We’re having a few people over at Uni Watch HQ on Sunday (and we’ll watch the Puppy Bowl at halftime, natch). My own rooting interests notwithstanding, it’s shaping up as a really good matchup. Whatever your plans are for Sunday, enjoy the game. Go Niners! — Paul

Comments (34)

    Soccer ticker: “USL” is the organization that runs multiple leagues, so it is never the right way to refer to one league. Reading United is in the fourth-tier USL League Two (USL2). Detroit City isn’t even a USL team, it’s in the third-tier NISA!

    If we want to talk about “never the right way to refer…” then it is proper to NEVER refer to USL League Two as “fourth-tier” as there is no fourth-tier in US Soccer. There is only 3 tiers that are identified.

    Since PL said it first, I’ll echo those sentiments; off to work today in my old Reebok 49ers Jerry Rice “Throwbacks” series jersey. Go Niners!

    Are they all the primary or secondary logo embedded in the regular cap logo? I’ve only seen Toronto and now Boston. Hard pass!

    I like the new “trademarked” Ticker category!!! Way back in 1993, there was a new highway being built near my high school. Our football coach made arrangements for us to do a photo shoot on the construction site, posed on a couple pieces of heavy equipment, wearing hard hats, holding sledgehammers, and pretty much all the other cliches that go along with this theme.
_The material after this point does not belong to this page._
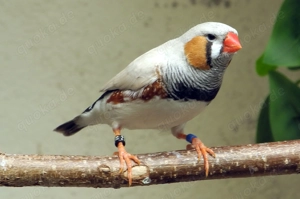 Suche Schauzebrafink Maske Grau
I think the caption on the posters they printed was something like “Building a Winning Tradition.” Alas, I wasn’t actually in the picture, because ironically enough, I had to WORK that day, and couldn’t get someone to trade shifts with me!

    The only thing that would have made the working class cosplay more complete is if you’d been disciplined for missing fake work to go to real work.

    I was really hoping that those pics were from four different years and this post was going to be about how you just realized you wore the same shirt there twice, twice.

    My wife and I adopted a puppy from one of the shelters providing puppies for the Puppy Bowl. Everybody else should do the same!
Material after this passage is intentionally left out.